Marisa Wanzeller e Lais Carregosa, da Agência iNFRA
As transmissoras temem arcar com prejuízo de R$ 916,6 milhões no ciclo tarifário 2026-2027 por dívida de geradores da “corrida do ouro”, cujos projetos não foram viabilizados. A Abrate (Associação Brasileira das Empresas de Transmissão de Energia Elétrica) pede à ANEEL (Agência Nacional de Energia Elétrica) que as concessionárias possam cobrar o montante devido pelos geradores por meio de medidas administrativas e judiciais antes que sejam considerados na RAP (Receita Anual Permitida). Do contrário, as transmissoras irão arcar com o prejuízo.

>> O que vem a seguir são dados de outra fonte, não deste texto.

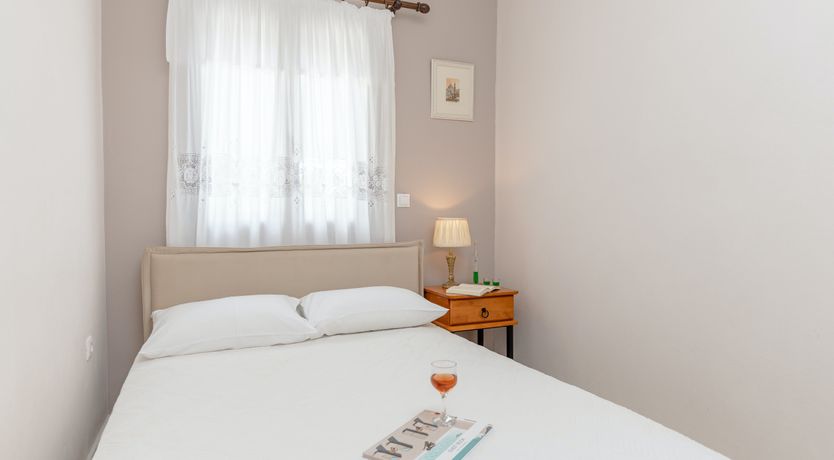 Photo of Naxian Niche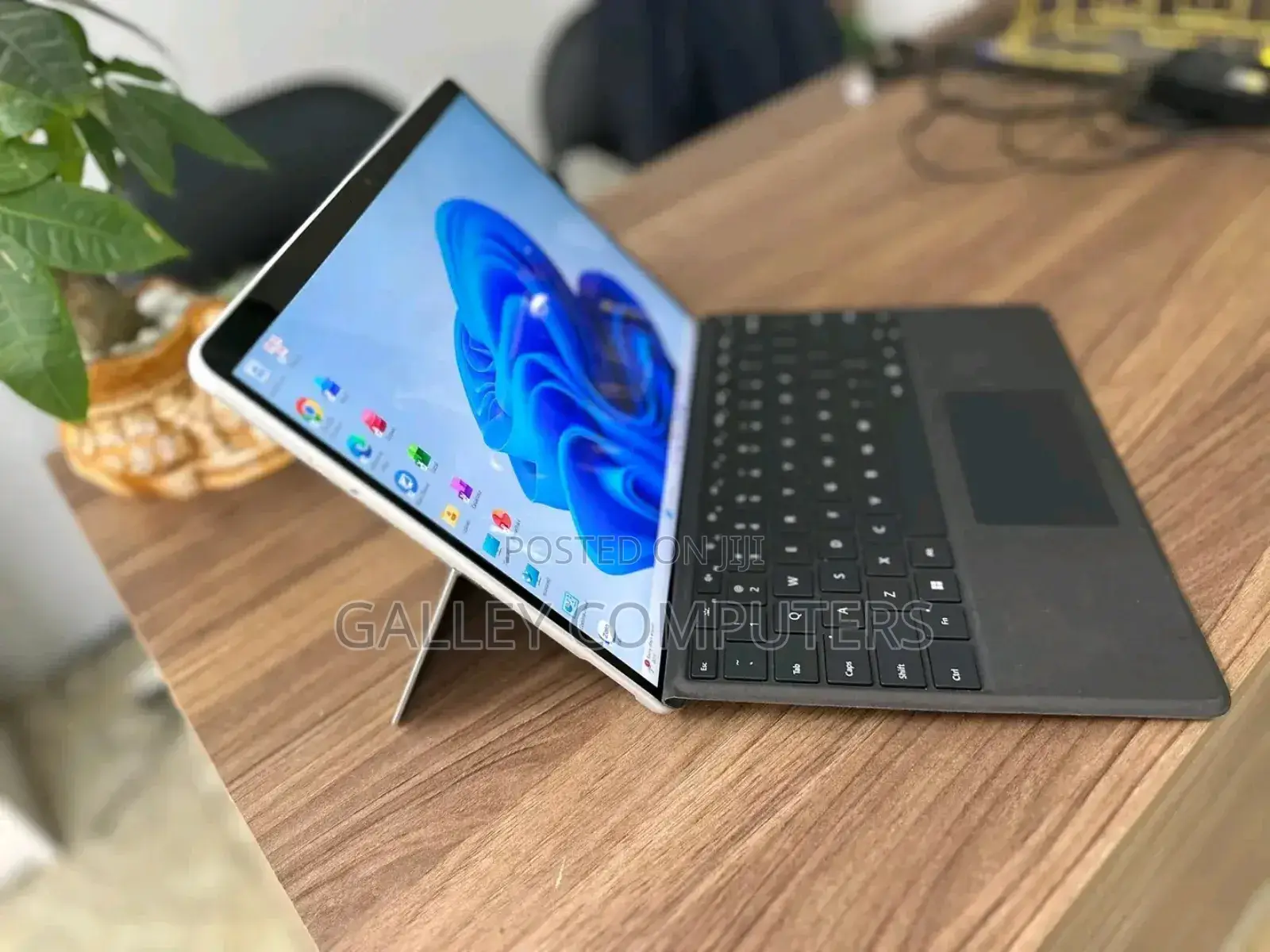 New Microsoft Surface Pro 7 256 GB Gray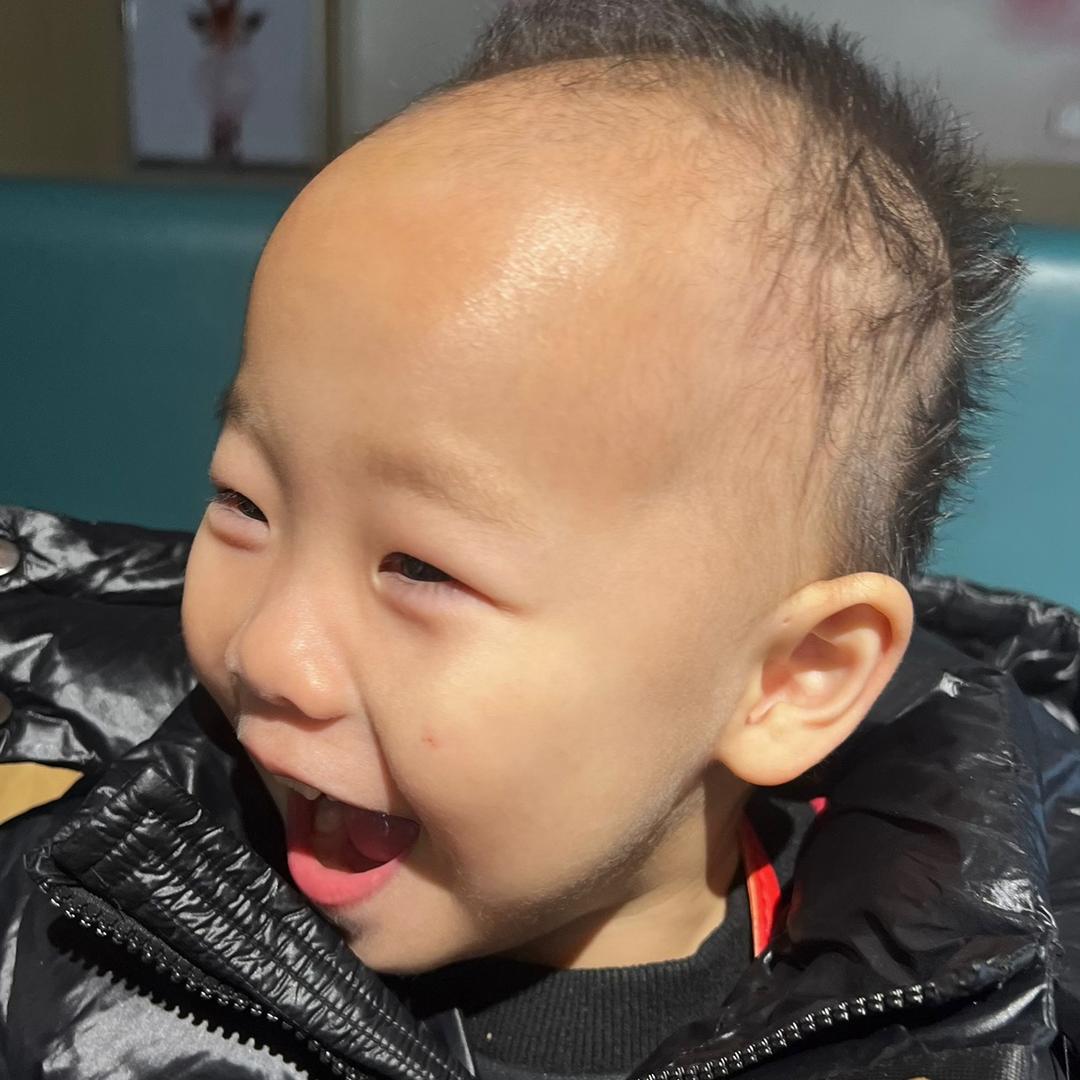 小美呀啊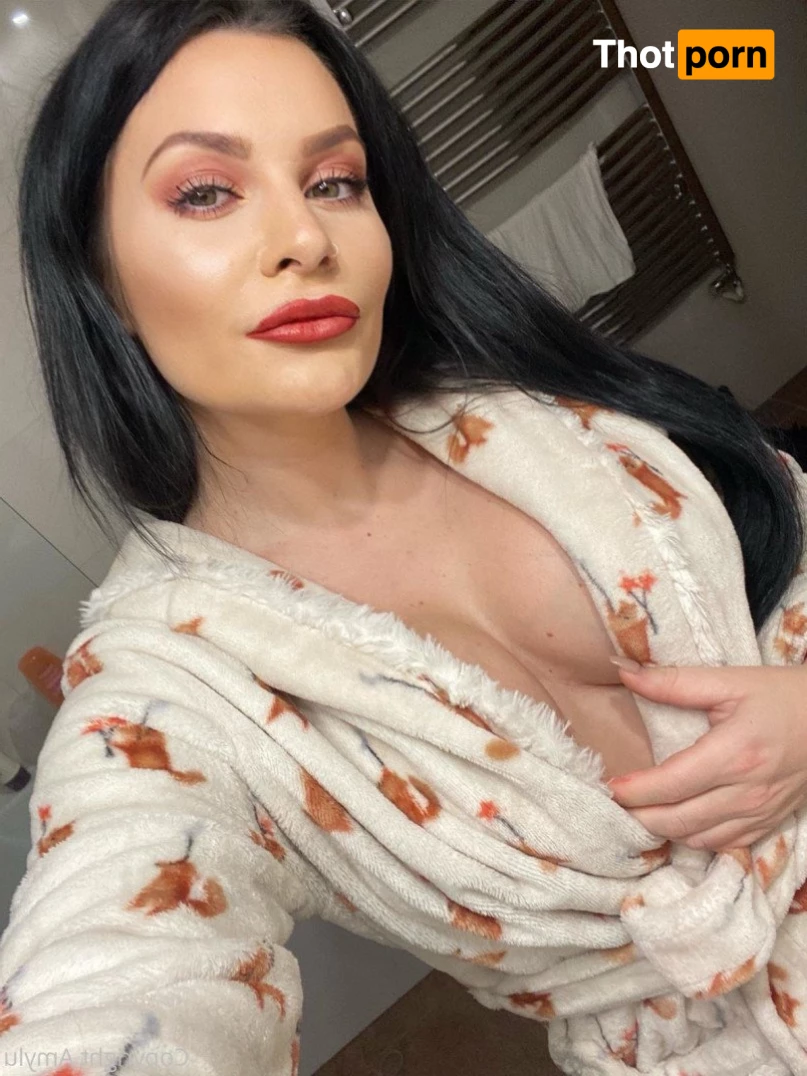 STRAPON MISTRESS - FREE VIDEOS ON WALL [ amyluxxx ] OnlyFans leaked photo  3489179 on Thotporn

Na quarta-feira (27), a associação encaminhou um pedido de medida cautelar à reguladora para que o reconhecimento do valor no reajuste do próximo ciclo seja suspenso. O montante se refere ao não pagamento de encargos de rescisão de contratos das usinas que obtiveram outorgas para uso do sistema, mas cujos projetos não se viabilizaram, e que não têm garantia financeira aportada.
“Corrida do ouro” é como ficou conhecido o elevado número de pedidos de outorga protocolados pelos geradores até março de 2022 com o intuito de manter os subsídios nas tarifas de transmissão e distribuição, após a legislação determinar o término faseado dos descontos. Executivos do setor apontam que a cobrança dos agentes é alocada às transmissoras, que em muitos casos não conseguem viabilizar os valores.
A presidente da Abrate, Talita Porto, disse durante participação no Sintre (Seminário Internacional de Transmissão de Energia Elétrica), nesta quinta-feira (28), que “há empreendimentos em um limbo, que não foram atendidos no dia do perdão um e não vão ser atendidos no dia do perdão dois da aneel”. O vice-presidente de Regulação, Institucional e Mercado da Axia (ex-Eletrobras), Rodrigo Limp, apontou que a responsabilidade de cobrança dos agentes é alocada nas transmissoras, mas que em alguns casos “acaba sendo inviável”.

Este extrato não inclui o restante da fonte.